The easiest way to become better at writing is to create your blog posts like you would be telling a story to a potential customer. How would you speak to them?
Dig Deeper>> How To Blog About Your Customers
Let’s say as a business owner, you know you’re weak at selling. So you’ve decided to go on the hunt for a sales coach or training program that can help you become more comfortable with the process. You stumble upon a blog post with very little content, and it says something like this:
“Selling isn’t fun and most people don’t enjoy it.”
You may agree with that sentence, but does it really motivate you to want to take the next step or to find out more about what the person is saying? Compare that to:
“Jane hated selling. She hated it so much she almost decided to close her business because of it. She loved working with the clients, making them happy, and following up with them after the sale. But it was always the initial meeting that made her nervous. She never wanted to come across as a used car salesperson. She didn’t want people thinking she was pushy.”
If you hate selling, you can instantly feel Jane’s pain. You can put yourself into her situation, and feel exactly what she’s feeling. You also want to read more of the story – what happens next? Does Jane shut down her business? Or does she find a solution?
That’s the way you want to write. Let your writers feel what you are talking about. Bring out the details. Describe the situation how someone looking in would see it. Describe it from one person’s point of view.

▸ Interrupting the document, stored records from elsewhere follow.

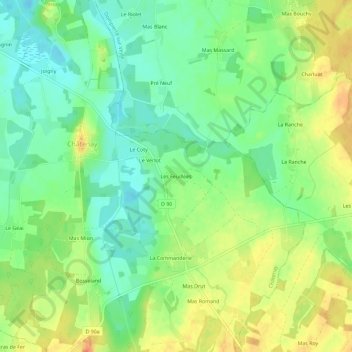 Carte topographique Les Feuillées, altitude, relief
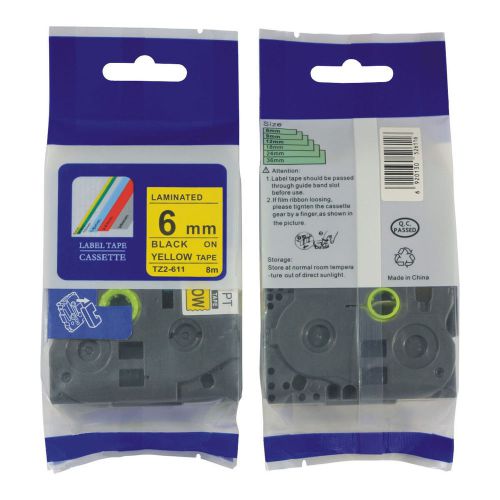 Nextpage label tape tze-611  black on yellow 6mm*8m compatible for gl100,pt200 for sale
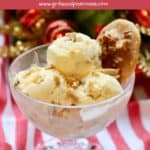 Pinterest pin with a bowl of pralines and cream ice cream.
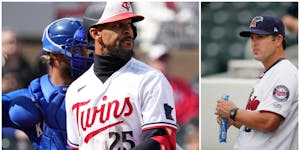 Byron Buxton returned to the dugout after stirking out during a game earlier this season. Doug Mientkiewicz (right) was a Twins first baseman and mino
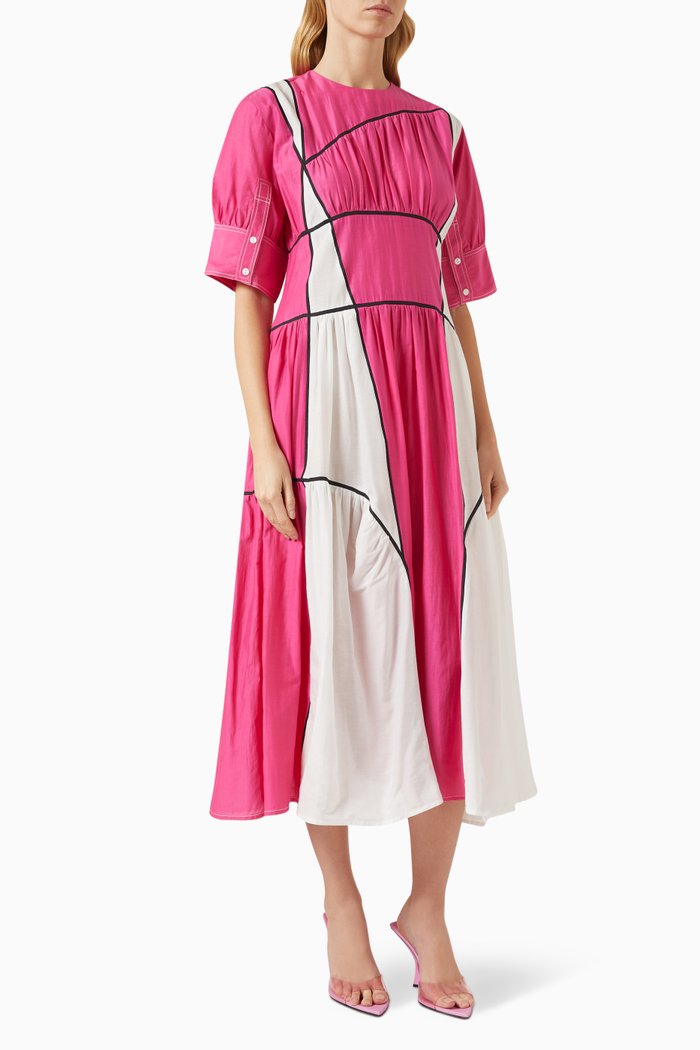 

Panelled Dress in Cotton, Pink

Great books always pull you in because they tell a story. They make you want to read further because you want to find out what’s next.
Do the same with your blog.
Do this with every post. And do it as you dive deeper into a subject, connecting different posts to give even more of the story. Make people move from one spot to the next, sticking to your site to discover what’s next.
The more they read, the more they stay. And by sticking around, they may just be willing to take the next step … with you.